Implicit in the creation of what Texans call their "power island" was an understanding that cheap electricity was the only significant goal. Reliability came a distant second and clean air wasn't even on the radar screen. When Texas deregulated its electricity sector in 1999, it went further than most states. ERCOT, the Electric Reliability Council of Texas, kept prices low by refusing to pay utilities for keeping standby generation capacity in case of an extreme weather event. Since Texas also remained disconnected from other regions which might have provided backup power in the case of a shortage, the state denied itself any kind of safety net, either in-state or elsewhere.

Extreme heat waves were very much on the Texas radar, because high-demand summer days were frequent — and profitable for generators. So money was made, and summer blackouts were few, for almost 20 years. As the climate spun out of control, however, even in summer Texas barely avoided resorting to rolling blackouts to manage record demand during worsening hot spells. (In fact, in El Paso, on the state's western border, they happened.)

Meanwhile, the pretense that it never gets cold in Texas kept obstructing efforts to make the ERCOT grid winter-hardened. In 1989, federal regulators pointed out that Texas lacked simple weatherization measures common to more northern states. In 2011, winter storms triggered rolling blackouts. In 2014, the term "polar vortex" came into common use as Texas once again lost winter power. In 2018 and 2019, the polar vortex struck two years in a row.
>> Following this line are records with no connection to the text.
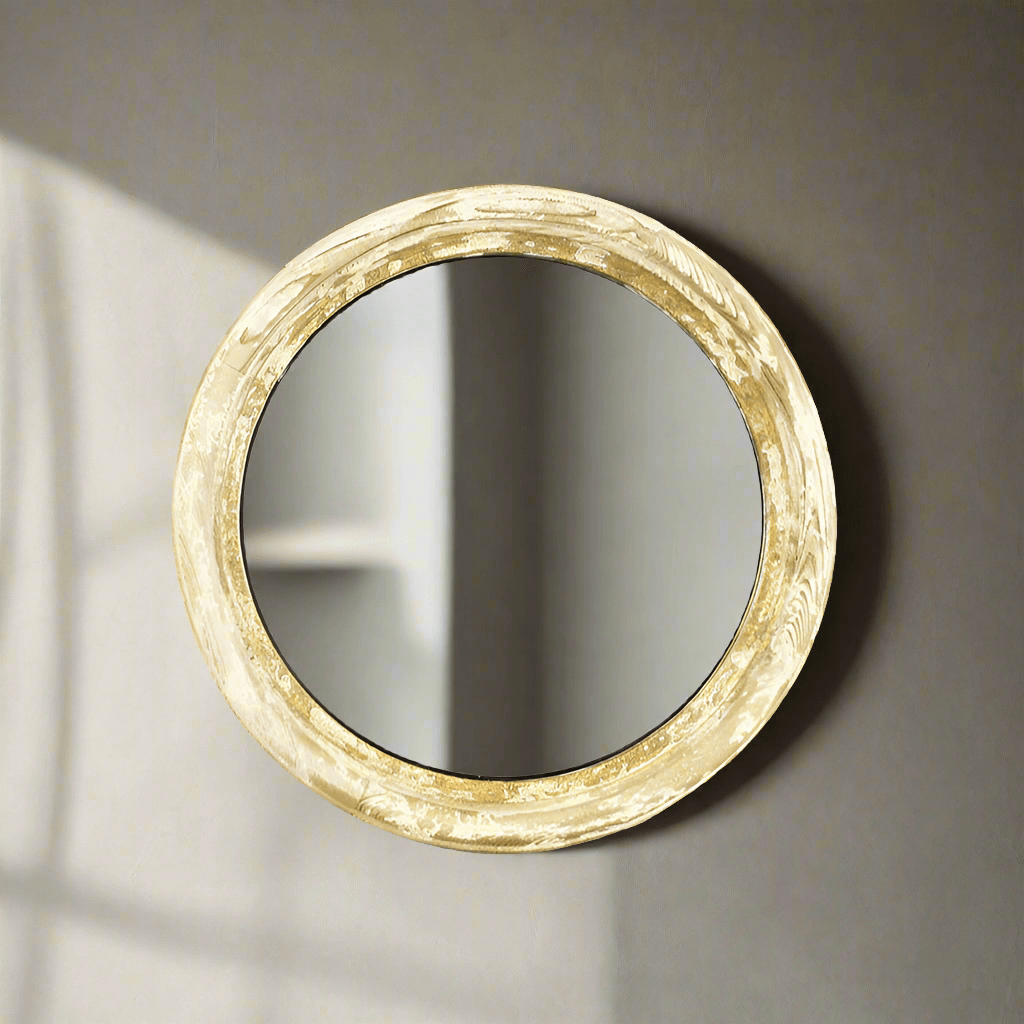 Round Distressed Wood Vintage Wall Mirror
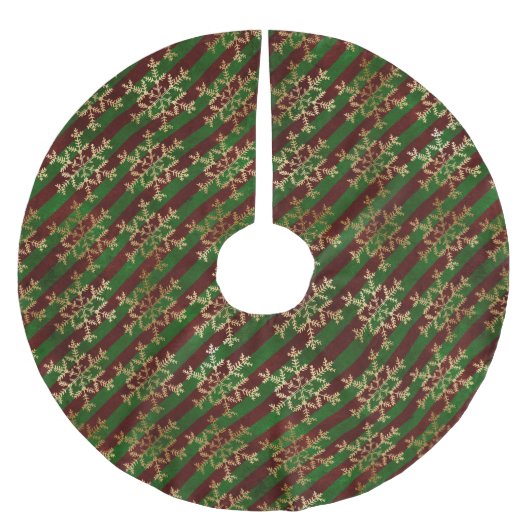 ビクトリアンストライプ雪 ブラッシュドポリエステルツリースカート (正面)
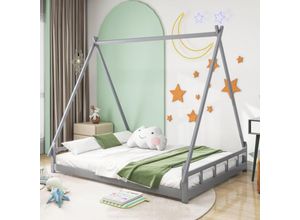 3101279536720 - Redom - Massivholz Kinderbett 140200cm Zeltbett Hochbett Jugendbett Eltern-Kind-Bett Massivholzbettgestell Grau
Yet Texas business and political leaders kept insisting that the cost of winterizing the power system was simply not worth it. The state's major industrial power users didn't want to pay their share of the bill. Any conversation about providing backup by connecting the Texas grid to the rest of America remained totally off limits.

This year, of course, disaster became catastrophe. Those who doggedly opposed investments in reliability have had to find a new tune — their favorite being to blame renewable energy, in spite of manifest evidence that this is untrue.

Former Texas governor Rick Perry went to bat for the state's electron isolationism: "Texans would be without electricity for longer than three days to keep the federal government out of their business." Perry went on to blame the state's reliance on wind power for the crisis, a richly ironic canard. It was Perry himself who led the campaign to create Texas's innovative and wind-power targeted CREZ transmission project, which was largely responsible for the fact that 2020 was the first year in which Texas got more electricity from wind than from coal.

Perry's scapegoating of his own wind revolution for the blackout was echoed by current Gov. Greg Abbott, who said, "Our wind and our solar got shut down, and they were collectively more than 10 percent of our power grid, and that thrust Texas into a situation where it was lacking power on a statewide basis." That was a lie. As the chart below shows, most of the collapse in power generation came from natural gas, coal and nuclear, since even in a normal winter Texas gets relatively little of its power from wind and solar. (Although Texas wind turbines lack simple weatherizing technology used by wind farms in other states to its north.)

Chart, histogram Description automatically generated

As the disasters cascaded — no power, shut-down oil and gas production, no water, unreliable food — voices from urban communities suffering freezing homes flooded by burst pipes began to fire back, blaming the state regulators for their refusal to invest in winter-hardy generation for the state. It was "just horrible to see," said Dallas Mayor Eric Johnson. "The power and water outages in Texas have created a situation that's worse than even the early days of the pandemic," warned Rep. Joaquin Castro, a Democrat from San Antonio.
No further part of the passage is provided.